Di satu sore saya ujug-ujug menerima pesan WhatsApp, Kominfo mengeluarkan edaran pada ISP untuk melakukan sensor terhadap 19 (kemudian menjadi 22) situs berhaluan Islam. Islam macam apa? Dua puluh dua situs ini bisa kita katakan tafsir Islam yang mengajarkan kekerasan atau setidaknya memaklumi kekerasan pada mereka yang berbeda pandangan. Yang berbeda ya sesat dan kafir, itu adalah platform bersama mereka.

Sudah lama saya gerah dengan situs-situs takfiri ini. La piye, mereka ini ada isu Ahmadiyah  bilang “aliran sesat menyesatkan”, gereja dituduh kristenisasi (sejarah Indonesia modern adalah Islamisasi), dan Syiah yang sudah ribuan tahun mereka bilang bukan Islam. Tiap hari komporin isu timur tengah. Beberapa situs bahkan khusus membahas sepak terjang perjuangan ISIS merebut wilayah Irak dan Suriah. Public Relation!

Menarik melihat pemberitaan serangan koalisi Arab terhadap pemberontak di Yaman.

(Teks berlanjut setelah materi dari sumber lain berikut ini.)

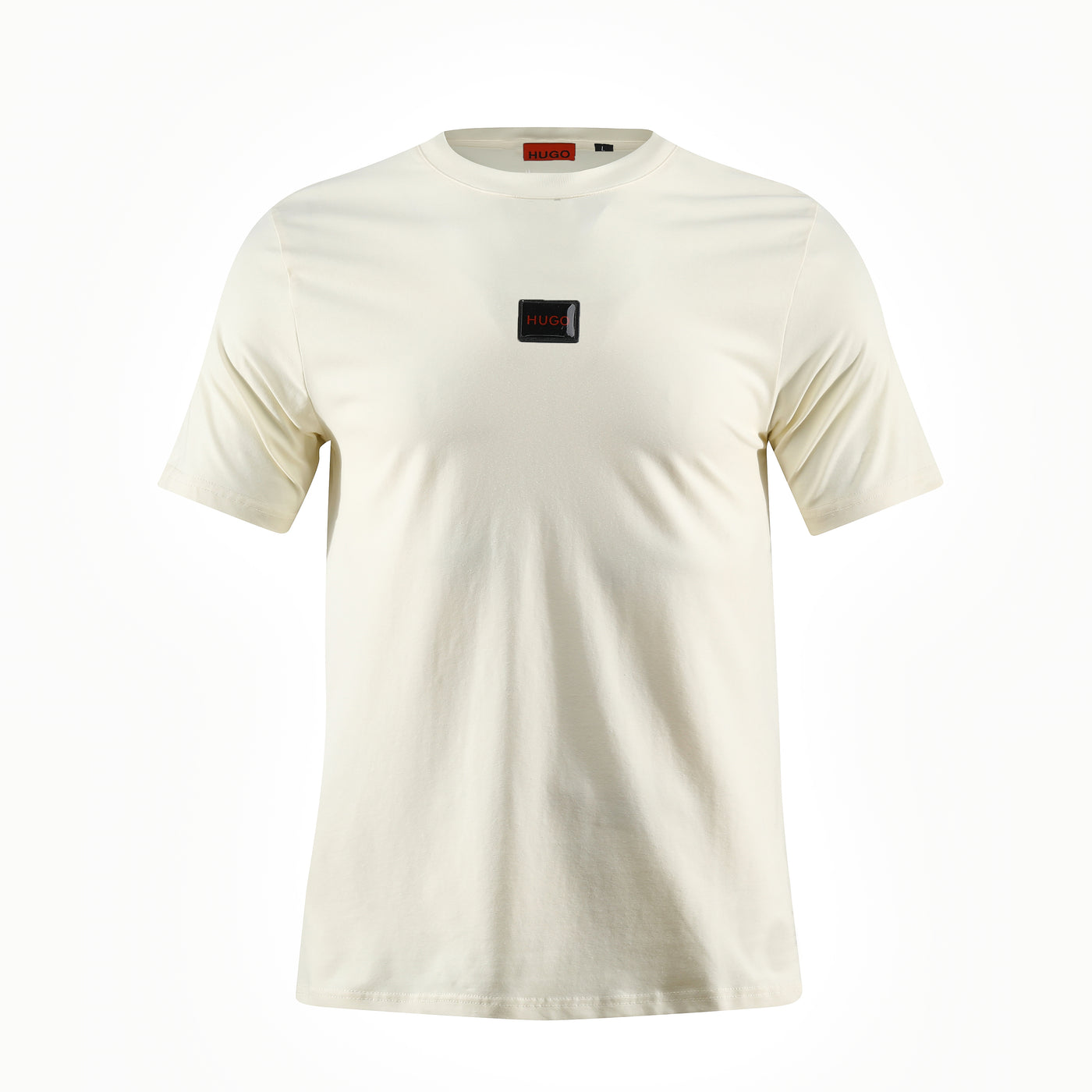 Camiseta básica crema para hombre - JDC Luxury Store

Mereka dengan jelas menggunakan kata Syiah Houtsi sebagai penyebutan kelompok pemberontak. Bisa disimpulkan situs-situs ini punya afiliasi ideologi yang kuat dengan ISIS, Arab Saudi dan Anti Syiah. Nah yang malu-malu mereka sebut adalah dukungan Amerika Serikat plus Israel dalam serangan koalisi Arab. Hanya kiblat.net yang memberitakan koalisi Arab Saudi - Israel - Amerika Serikat.

Saya pingin pites satu-satu situs ini. Bukan mencerahkan, malah bikin pembaca meluap-luap api kebencian. Tidak serta merta membaca akan menyebabkan tindakan kekerasan. Tapi jelas ada relasi mesra antara pelaku kekerasan dengan situs takfiri.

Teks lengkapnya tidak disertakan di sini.